Parv-Maheshwari · 2026-05-26T17:10:47Z

Thanks @SimonSchwaiger — your clarification (6-class terrain subset, neg=["thing"], threshold=0.8, plus the suggestion to run on the first commit) was the missing piece. Pushed an update (commit 6b54286) that reproduces the literal protocol you described against three independent code/config combinations. Headline:

#	Code	Config	Protocol	mIoU
3	current `main`, `own_RELLIS.py`	§VII.A native	20-cls argmax (our original interpretation)	15.66
4	current `main`, `own_RELLIS_paper.py` (new)	§VII.A native	6cls + `neg=["thing"]` + `t=0.8`	6.70
5	first commit (`6aec2d4`)	first-commit defaults (d=32, Cr=48, dinov2 input 518)	Same as row 4	6.64
6	first commit (`6aec2d4`)	§VII.A overrides	Same as row 4	6.63
—	—	—	Paper Table V claim	48.48

Rows 4–6 land within 0.07 mIoU of each other across two code versions and two config presets — the gap is insensitive to commit version, shared_feat_resolution, n_components, dinov2_input_size, or input resize. We diffed src/model.py between 6aec2d4 and current main: semantic_mask.similarity math is byte-identical (cosine sim → min-max normalise → threshold).

Best guess at where the gap lives

Per-class breakdown for row 4 (the pattern is essentially identical for rows 5–6):

class	raw id	n frames present (of 1672)	total GT px	OTAS IoU
dirt	1	13	9,690	0.00
water	6	19	959,662	0.35
asphalt	10	503	3,850,438	0.66
bush	19	1658	662,926,185	35.14
mud	33	574	29,818,401	3.59
rubble	34	145	1,907,260	0.47
mIoU(6cls)				6.70

semantic_mask.similarity min-max-normalises per image. On a frame where the class of interest is absent (e.g. dirt on the 1659 dirt-free frames of 1672), the cosine-similarity range is small but non-zero noise; the clamp(min=0.05) lower-bounds the range but stretches the noise distribution to fill [0, 1], and the threshold@0.8 then fires on roughly the noisiest 20% of pixels of that frame. Across ~1500 absent-class frames × 1920×1200 px × ~20%, that's hundreds of millions of false positives per sparse class — see the FP counts in the per-class table in RELLIS_REPLICATION.md. bush is fine because it's present in 99.2% of frames, so the per-image normalisation is normalising real signal not noise.

The one open question

Given the sparse-class FP problem above, the structural unknown that would close the gap is the mIoU averaging convention.
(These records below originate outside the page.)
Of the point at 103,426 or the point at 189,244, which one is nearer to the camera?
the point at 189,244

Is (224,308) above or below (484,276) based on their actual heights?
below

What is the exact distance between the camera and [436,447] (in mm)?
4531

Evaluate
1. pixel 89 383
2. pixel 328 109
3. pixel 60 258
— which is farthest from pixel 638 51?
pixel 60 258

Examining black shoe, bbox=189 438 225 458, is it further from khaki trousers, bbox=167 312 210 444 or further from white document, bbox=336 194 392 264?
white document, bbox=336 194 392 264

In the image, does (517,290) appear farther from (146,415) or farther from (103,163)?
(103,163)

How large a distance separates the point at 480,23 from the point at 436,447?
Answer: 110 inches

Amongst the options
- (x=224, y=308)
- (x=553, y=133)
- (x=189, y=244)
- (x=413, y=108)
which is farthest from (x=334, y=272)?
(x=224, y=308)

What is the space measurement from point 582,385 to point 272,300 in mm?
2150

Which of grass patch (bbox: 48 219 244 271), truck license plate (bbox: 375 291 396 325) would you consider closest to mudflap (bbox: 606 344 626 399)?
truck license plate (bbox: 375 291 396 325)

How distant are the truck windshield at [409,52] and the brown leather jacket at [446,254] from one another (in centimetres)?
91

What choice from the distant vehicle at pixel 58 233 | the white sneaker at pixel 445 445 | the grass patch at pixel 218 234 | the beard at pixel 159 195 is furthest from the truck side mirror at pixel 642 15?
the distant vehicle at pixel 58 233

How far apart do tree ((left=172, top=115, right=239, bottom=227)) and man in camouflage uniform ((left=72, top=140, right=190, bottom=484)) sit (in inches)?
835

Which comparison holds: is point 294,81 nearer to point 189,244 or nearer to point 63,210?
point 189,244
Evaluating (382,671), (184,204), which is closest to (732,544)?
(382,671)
We pool one (TP, FP, FN) triple per class across all 1672 frames and compute IoU once over the totals. If Table V instead averages IoU per-frame only over frames where the class is present in GT (per class, then mean across the 6 classes), the absent-class FPs drop out of the average entirely and the headline jumps. Is that what Table V uses?
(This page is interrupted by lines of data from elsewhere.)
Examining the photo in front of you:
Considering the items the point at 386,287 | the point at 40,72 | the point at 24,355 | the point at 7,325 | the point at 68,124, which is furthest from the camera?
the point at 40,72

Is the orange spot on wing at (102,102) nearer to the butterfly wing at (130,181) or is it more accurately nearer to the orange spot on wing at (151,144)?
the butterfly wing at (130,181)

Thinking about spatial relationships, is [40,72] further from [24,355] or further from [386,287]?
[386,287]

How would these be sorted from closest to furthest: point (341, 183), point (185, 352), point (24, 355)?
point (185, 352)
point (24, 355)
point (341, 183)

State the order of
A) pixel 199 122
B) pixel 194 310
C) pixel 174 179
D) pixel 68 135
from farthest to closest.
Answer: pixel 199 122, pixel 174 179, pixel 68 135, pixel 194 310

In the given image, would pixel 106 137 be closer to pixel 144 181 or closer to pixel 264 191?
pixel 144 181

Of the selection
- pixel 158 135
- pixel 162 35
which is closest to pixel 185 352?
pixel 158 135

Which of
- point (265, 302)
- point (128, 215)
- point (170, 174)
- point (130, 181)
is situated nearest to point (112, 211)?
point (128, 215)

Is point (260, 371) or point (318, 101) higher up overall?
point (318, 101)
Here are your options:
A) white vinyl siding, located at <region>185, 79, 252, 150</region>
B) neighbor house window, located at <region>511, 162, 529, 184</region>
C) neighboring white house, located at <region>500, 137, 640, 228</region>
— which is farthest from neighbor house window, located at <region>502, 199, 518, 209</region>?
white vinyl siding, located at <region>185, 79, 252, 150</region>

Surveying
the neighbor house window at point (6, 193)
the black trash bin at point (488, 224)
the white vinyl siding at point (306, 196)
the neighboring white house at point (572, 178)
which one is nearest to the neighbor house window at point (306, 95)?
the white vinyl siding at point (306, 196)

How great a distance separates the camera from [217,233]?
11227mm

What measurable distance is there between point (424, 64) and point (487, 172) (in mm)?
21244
Two other much smaller asks:

Which OTAS_*.json config produced Table V? The shipped OTAS_small.json has enable_mask_refinement: true and shared_feat_resolution: 16, which contradicts §VII.A.
Is the test split the upstream test.lst from the offical split, or a different release / curated subset? Our scan shows dirt in only 13 of 1672 frames, water in 19.

What's in the new commit

own_eval/own_RELLIS_paper.py (new) — implements your protocol literally. CLI: --config_preset {paper_vii_a, first_commit_defaults}, --threshold (default 0.8), --max_frames for smoke runs.
docs/RELLIS_REPLICATION.md — rewritten as a self-contained reproduction guide with all six runs, per-class numbers, root-cause analysis, the worktree dance for first-commit reproduction, ruled-out hypothesis table, and these asks.
own_eval/{own_RELLIS,rellis_dataset,eval_common,otas_segmentor}.py — paired consistency cleanups (§VII.A baked into defaults, drop the unused th_vis tuple element from RELLIS dataset since RELLIS has no thermal sensor).

Quick repro for the headline number on current main:

env -u LD_LIBRARY_PATH .venv/bin/python own_eval/own_RELLIS_paper.py \
    --data_dir /path/to/Rellis-3D --config_preset paper_vii_a
# → mIoU_6cls: ~6.70 (kmeans noise ±0.05)

First-commit reproduction worktree dance documented in docs/RELLIS_REPLICATION.md#run-on-first-commit-6aec2d4-with-first-commit-defaults-row-5.

Happy to run the per-frame-averaging variant as soon as you confirm whether that's the convention — it's a one-knob change.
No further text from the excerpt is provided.